* ASSIGNMENT
Would you reproduce each of the records below precisely, with the pictures left out?

======== DATA FOR PROCESSING ========

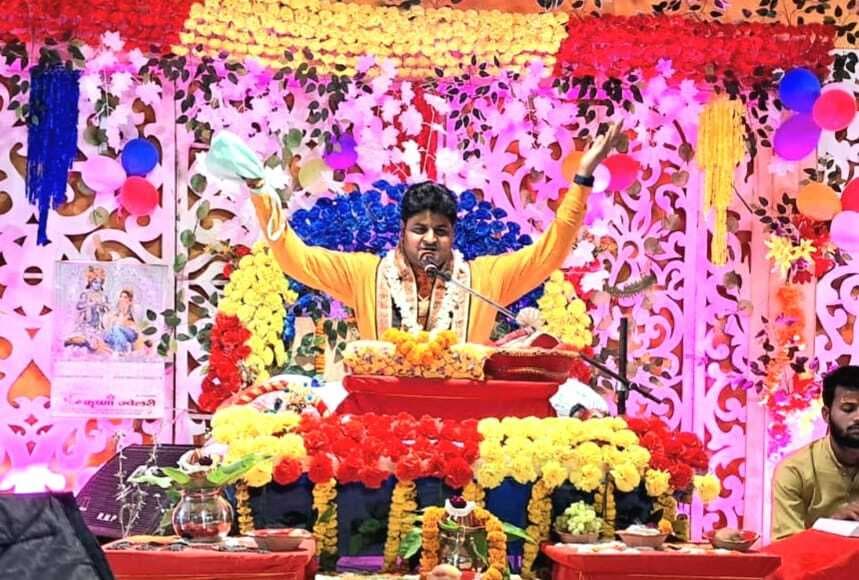 आचार्य हुकुम भारद्वाज महाराज ने सुनाया श्रीराम का जन्मोत्सव प्रसंग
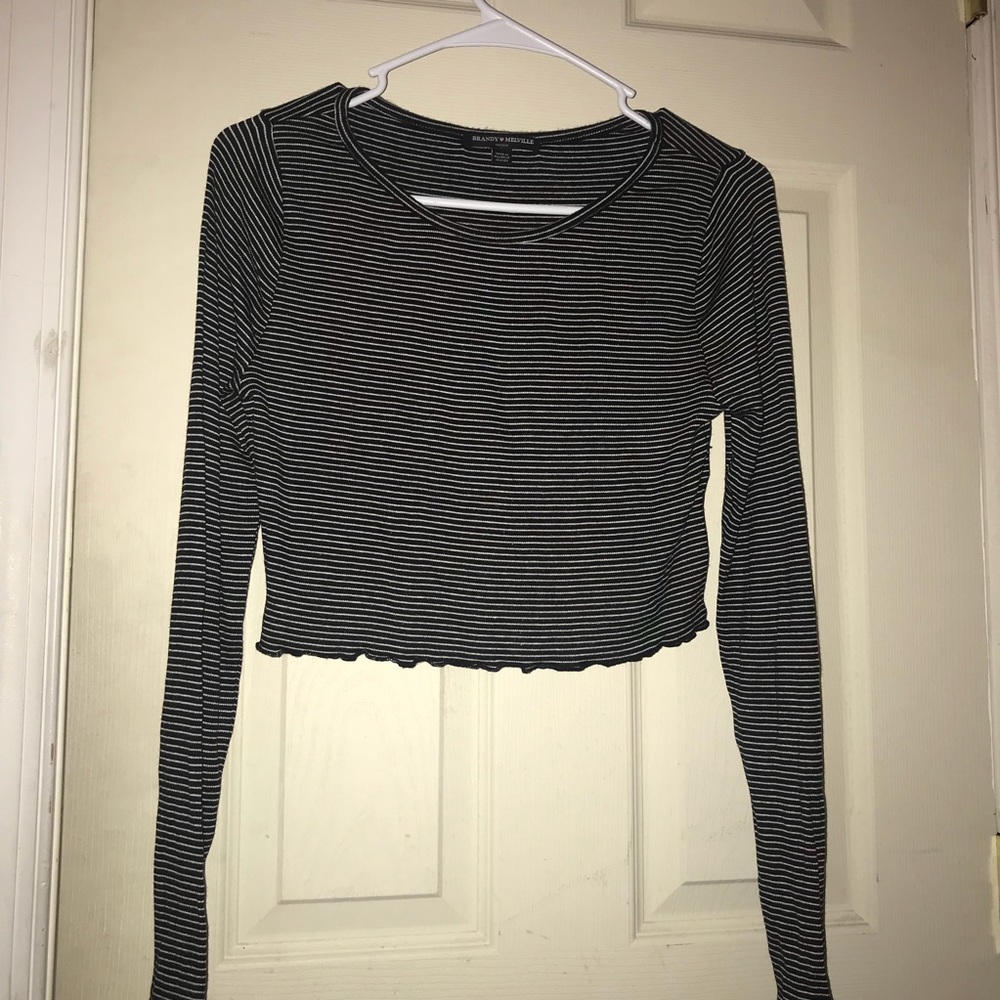 Cropped Long Sleeves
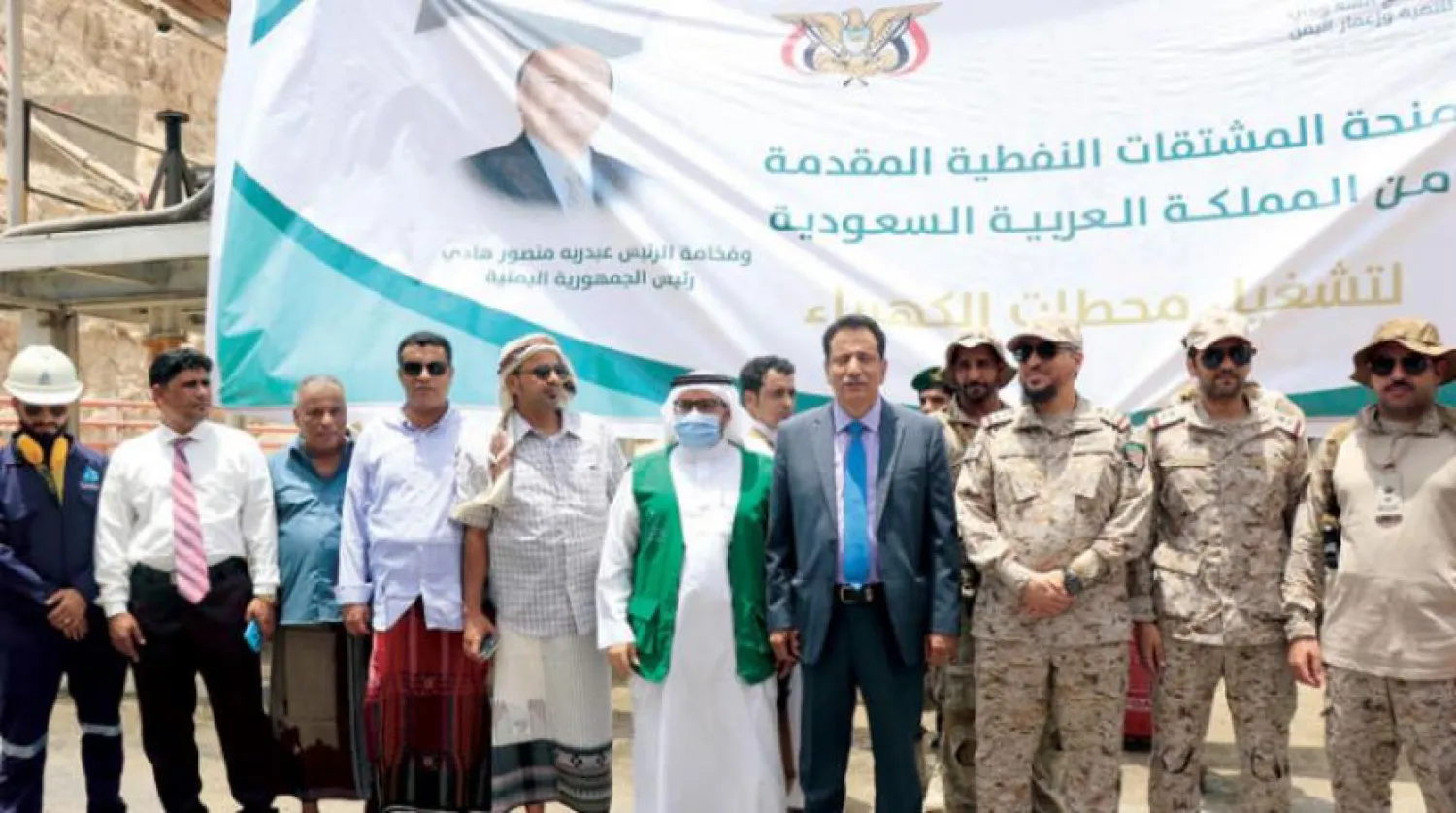 Al Mahra Governor and SDRPY Director for Al Mahra Governorate receiving the Saudi oil grant (Asharq Al-Awsat)
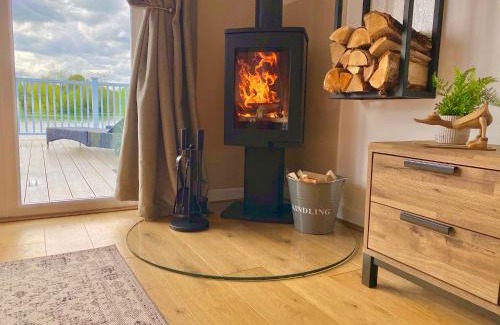 South Cerney House | Cotswolds Lakeside Lodge - Nesbitt's Nest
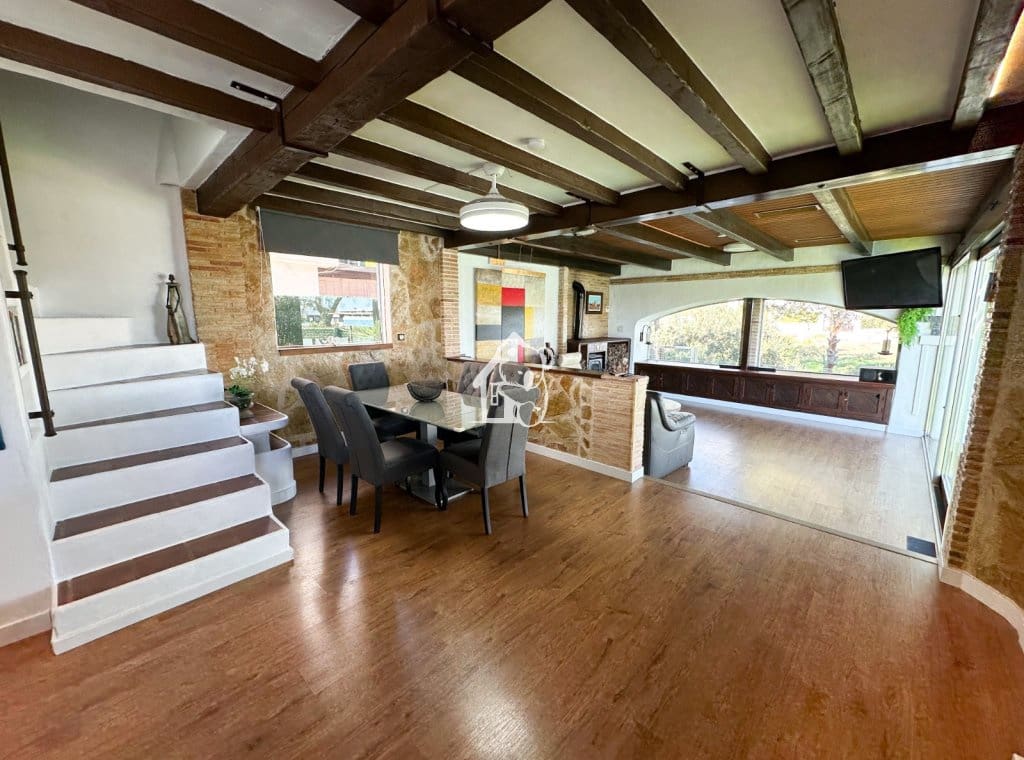 Chalet de 3 habitaciones en Orihuela Costa en venta con piscina garaje - 460.000 € (Ref: 9415491)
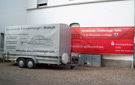 Anhänger mit Banner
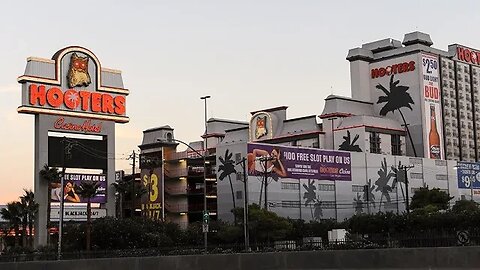 Hooters in Las Vegas for a Wings Review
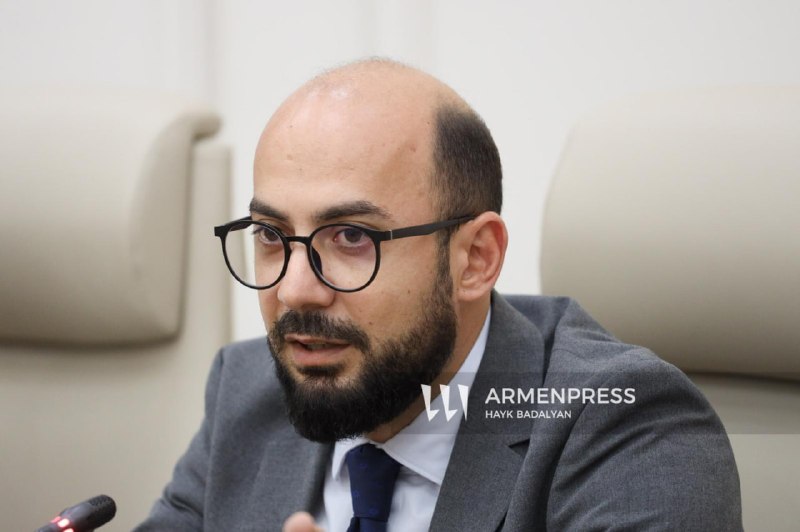 Артур Ованнисян на брифинге в парламенте Армении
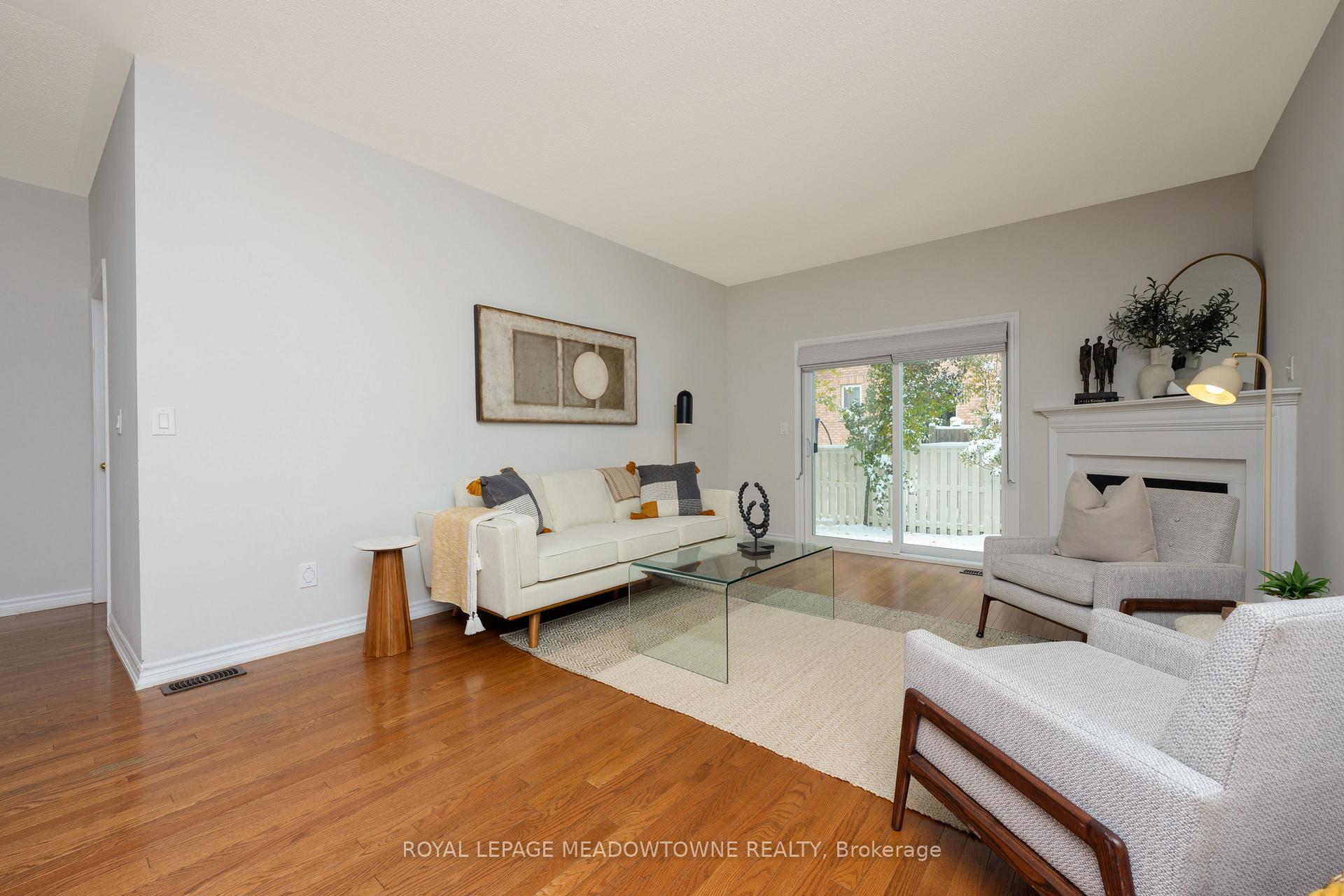 Photo 23 of 195 Minto Crescent, Milton, Willmott — HOMEH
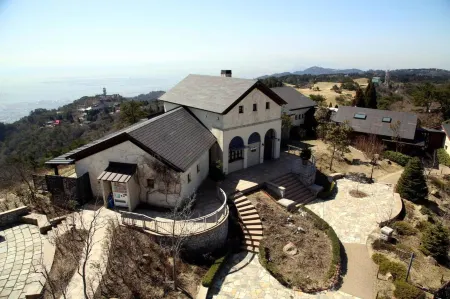 Hotel Isago Kobe Отели рядом со станцией Okamoto Railway Station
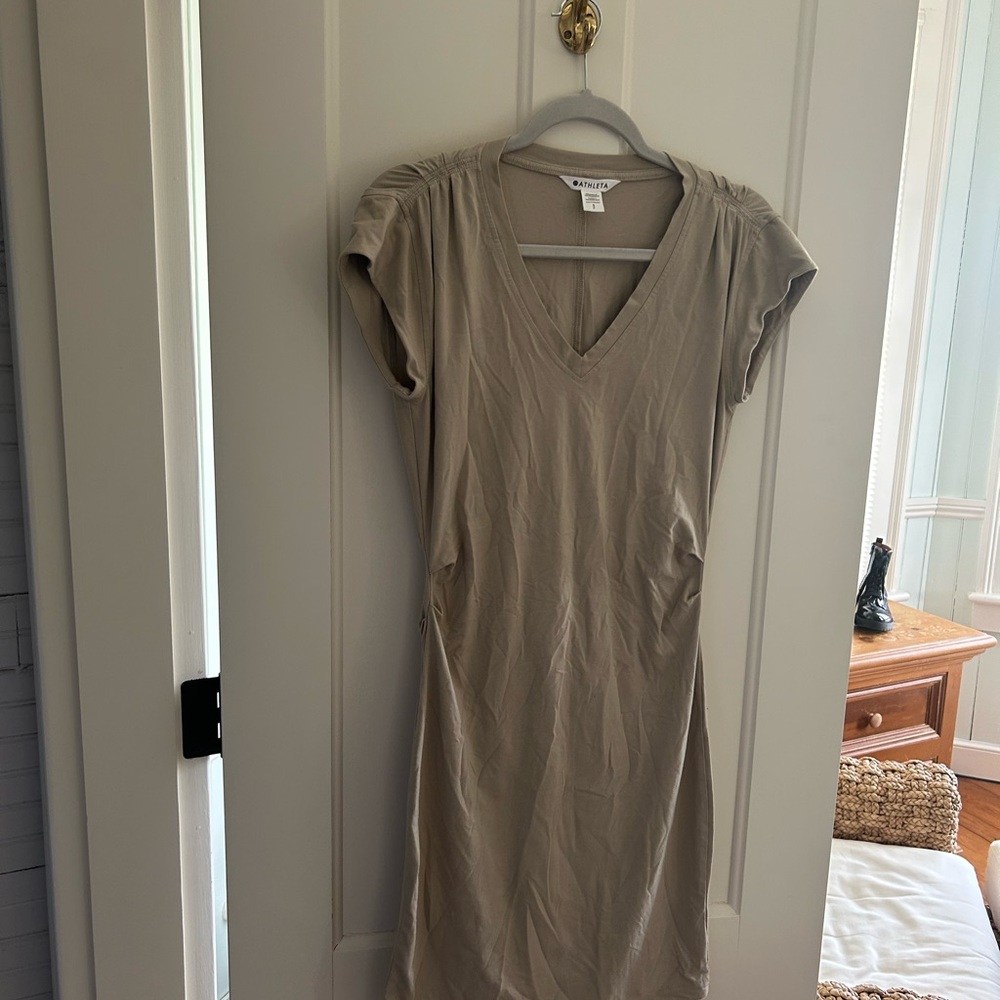 Athleta Tan V-Neck Short Sleeve Dress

========

* RESULT OF THIS TASK
 आचार्य हुकुम भारद्वाज महाराज ने सुनाया श्रीराम का जन्मोत्सव प्रसंग
 Cropped Long Sleeves
 Al Mahra Governor and SDRPY Director for Al Mahra Governorate receiving the Saudi oil grant (Asharq Al-Awsat)
 South Cerney House | Cotswolds Lakeside Lodge - Nesbitt's Nest
 Chalet de 3 habitaciones en Orihuela Costa en venta con piscina garaje - 460.000 € (Ref: 9415491)
 Anhänger mit Banner
 Hooters in Las Vegas for a Wings Review
 Артур Ованнисян на брифинге в парламенте Армении
 Photo 23 of 195 Minto Crescent, Milton, Willmott — HOMEH
 Hotel Isago Kobe Отели рядом со станцией Okamoto Railway Station
 Athleta Tan V-Neck Short Sleeve Dress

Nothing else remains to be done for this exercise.